Marcel Ophuls’s ‘Memory of Justice, ’ No Longer Just a Memory

Mike Hale 04/21/2017

Marcel Ophuls says that “The Memory of Justice” is his best movie. This catches your attention, given that another movie he directed, “The Sorrow and the Pity,” might be the best documentary ever made.

“I think it’s the most personal and sincere work I’ve ever done,” he said recently about “The Memory of Justice,” a four­and­a­half­hour examination of war crimes and guilt from 1976 that focused on the Nuremberg trials and the Vietnam War. “And it disappeared.”

The film’s history is a drama in itself, part thriller, part tragedy. It involves an American Army base, the late­night pilfering of film canisters, a screening that left Mike Nichols in tears and a fatal review. The long final act ends in redemption at the hands of Martin Scorsese (among others) and includes the film’s long­delayed television premiere, on HBO2 on Monday, April 24.

This is the story according to the 89-­year- old Mr. Ophuls, anyway, and he tells it — by phone recently from his home in Southern France — very convincingly, with frequent bouts of wheezing laughter.

The son of Max Ophuls, the great German director of romantic melodramas (“La Ronde”), Mr. Ophuls tried fiction filmmaking with mixed results and moved into nonfiction to find work. “It all has to do with groceries,” he said. “Not so much with cinema.”

The need to put groceries on the table eventually resulted in “The Sorrow and the Pity,” the hugely influential 1971 film about collaboration in Vichy France. A few years later Mr. Ophuls learned that 50 hours of raw footage of the Nuremberg trials, shot by the United States Army Signal Corps, were stored at a Maryland base. He gained access and started viewing the reels, which had to be hand-­rolled. Every so often he broke the film, irritating his Army minders.

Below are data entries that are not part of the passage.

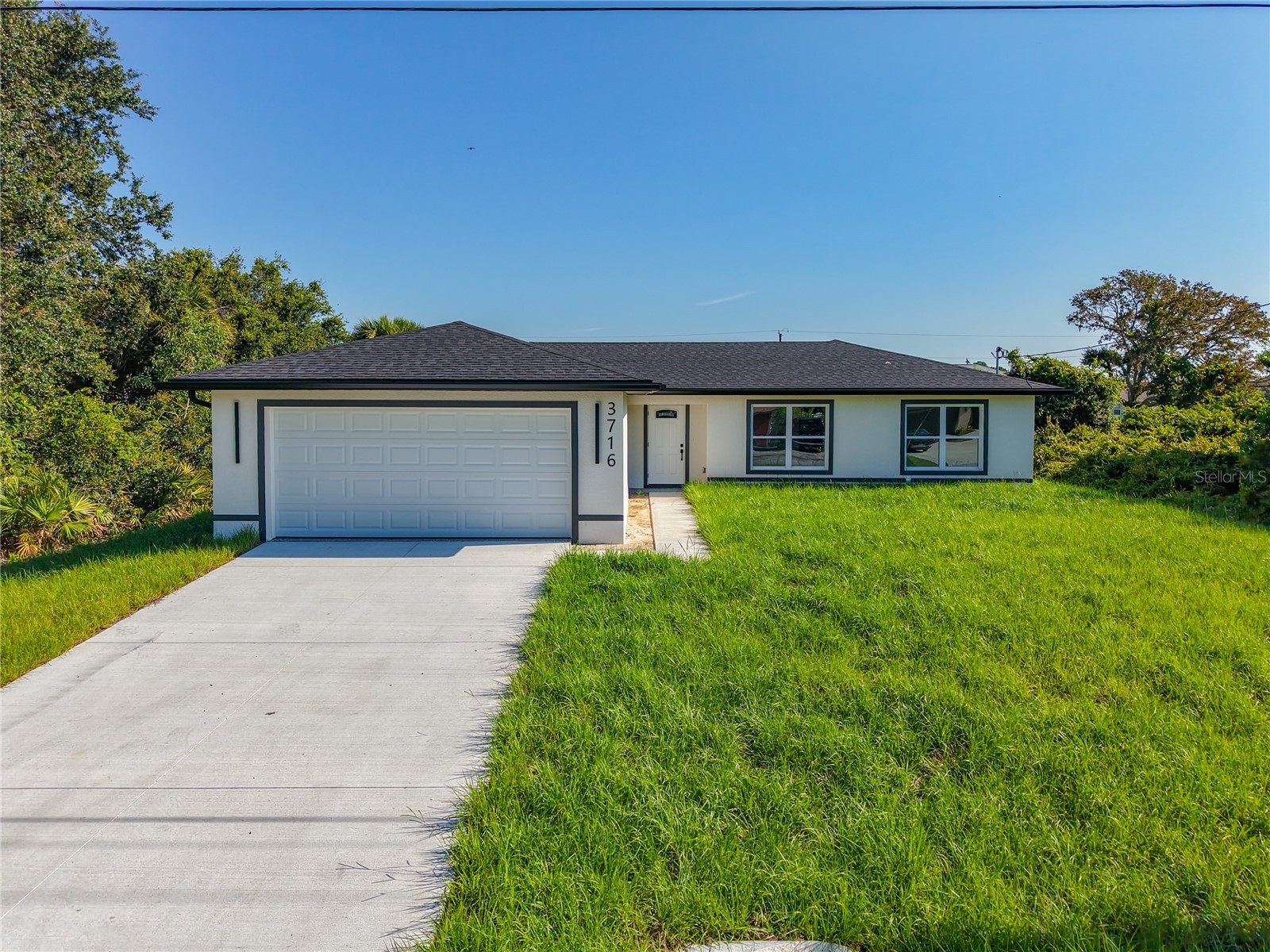 3716 5th Street W Lehigh Acres FL 33971 O6413216 image1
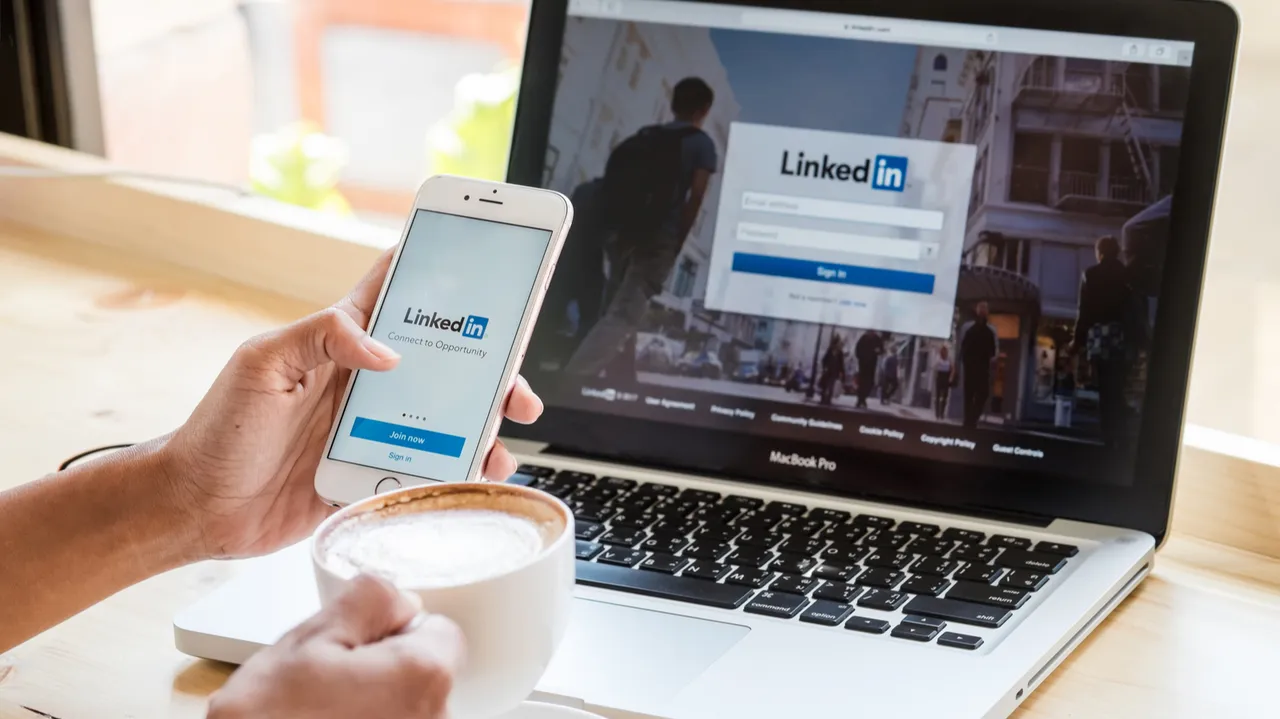 How to Make a Website Like LinkedIn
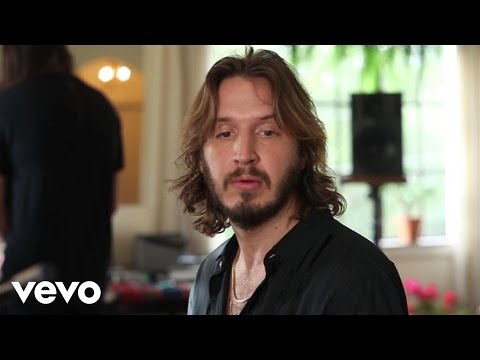 Emile Haynie - Falling Apart (Live From Chateau Marmont) ft. Andrew Wyatt, Brian Wilson
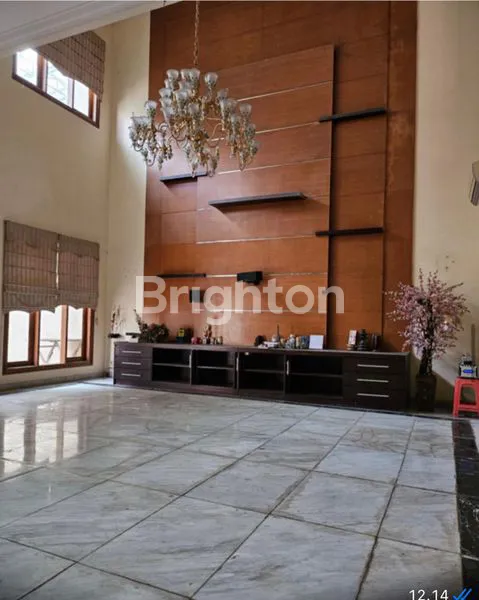 image RUMAH MEWAH 2 LANTAI SIAP HUNI DI SUNTER (2)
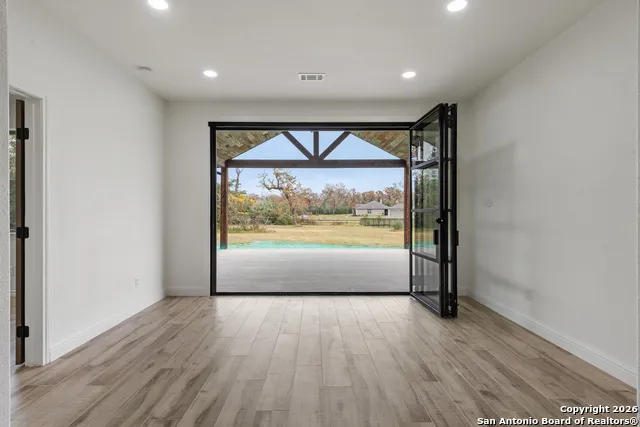 10024 lancaster Iola, TX 77861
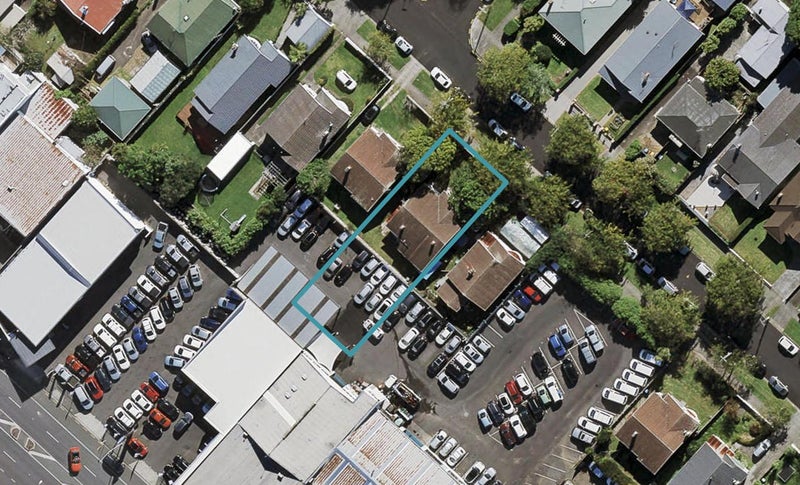 15 Nolan Road, Greenlane, Auckland - Carousel 1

The documentary he made using that footage was wide­-ranging and open-ended, not just a history of the trials, though it incorporated that. Tackling the questions of national and individual culpability and guilt, Mr. Ophuls interviewed American conscientious objectors and whistle­blowers (like Daniel Ellsberg), French veterans of Algeria and many Germans, from surviving Nuremberg defendants like Albert Speer to college students born after the war. He also put himself in the movie. With his family, and again with his film students at Princeton, he discussed the documentary’s themes and posed questions to his wife, the daughter of a German veteran.

Not all of the producers, a mix of British and German backers, were happy with the results. There were complaints about the film’s length and some brief nudity, Mr. Ophuls said, and requests that more focus be put on Russian actions during World War II and American actions in Vietnam. With the editing nearly complete, an acrimonious meeting at the Ritz bar in London resulted — depending on whose account you believe — in Mr. Ophuls either being fired (his version) or walking away.

Barred from his own project, he retreated to Princeton. But then the plot turned. Two women who had worked on the film with him hid in the restroom of the London editing suite and sneaked away with a black­and­white work print of his original edit.

It made its way to New York, where supporters — including Hamilton Fish, the future publisher and social activist, then a recent Harvard graduate — screened it for other filmmakers and critics, including Frank Rich and David Denby. Mr. Denby wrote an article about the situation in 1975 for The New York Times. Mr. Nichols sat motionless for eight hours (with reel changes) and then said to Mr. Fish, ‘So what can I do?’”

With endorsements like that, and the financial backing of Paramount, Mr. Fish was able to negotiate Mr. Ophuls’s return and to see that the film was completed the way its director wished. “An injury had been done to something of great cultural and historical significance,” Mr. Fish said in a recent interview. But it had been healed.

“The Memory of Justice” played at the 1976 Cannes and New York film festivals and received good reviews, including raves from Mr. Rich in The New York Post and Vincent Canby in The Times. But Pauline Kael, a champion of “The Sorrow and the Pity” and the most influential film critic of the time, panned the documentary in The New Yorker. “Striving for complexity,” she wrote, “Ophuls extended his inquiry in so many directions he lost his subject.”

“Who else could get the people to see a five-­hour documentary?” Mr. Ophuls said. “It folded after six or seven weeks and hasn’t been heard since.”

Mr. Fish, as a producer, saw things differently — he said that for a film of its type, in the days before specialty distributors had taken off, the commercial release was successful, and he discounted the influence of Kael’s review. But he agreed that “The Memory of Justice” faded out of sight after 1976. “It just was too difficult to keep in play,” he said.

But Mr. Fish never stopped trying. He got grants, including several from Steven Spielberg, to finance efforts over the years to reintroduce the film. Finally he connected with The Film Foundation, the preservation organization whose founders include Mr. Scorsese. It spearheaded a 10-­year restoration process that has brought “The Memory of Justice” back from the dead once more.

“Tragically enough, both of the epic 20th-­century subjects tackled definitively by Ophuls, Vichy and Nuremberg, remain as pertinent, if not more pertinent, than ever,” said Mr. Rich, a former New York Times columnist who is now a creative consultant at HBO. “The restoration could not be more aptly timed, and I imagine it will come as a revelation to viewers not yet born during its first meager release.”

If enough people see “The Memory of Justice” this time, it might mean that Mr. Ophuls will no longer be known in America largely through Woody Allen’s “Annie Hall,” in which Alvy and Annie stand in line to see “The Sorrow and the Pity.” But if not, Mr. Ophuls won’t be too concerned.

“Oh, I love it,” he said of his indirect contribution to “Annie Hall.” “I think it’s terrifically funny. I know it more or less by heart.” And then he recited several lines of dialogue involving “The Sorrow and the Pity,” correct down to the reference to a Bloomingdale’s charge card.

“I got a letter from Woody Allen thanking me and saying that he would treat the film with great respect etc. etc., which I really didn’t ask for,” Mr. Ophuls recalled. “Who cares if the film is treated with respect? Why should it be?”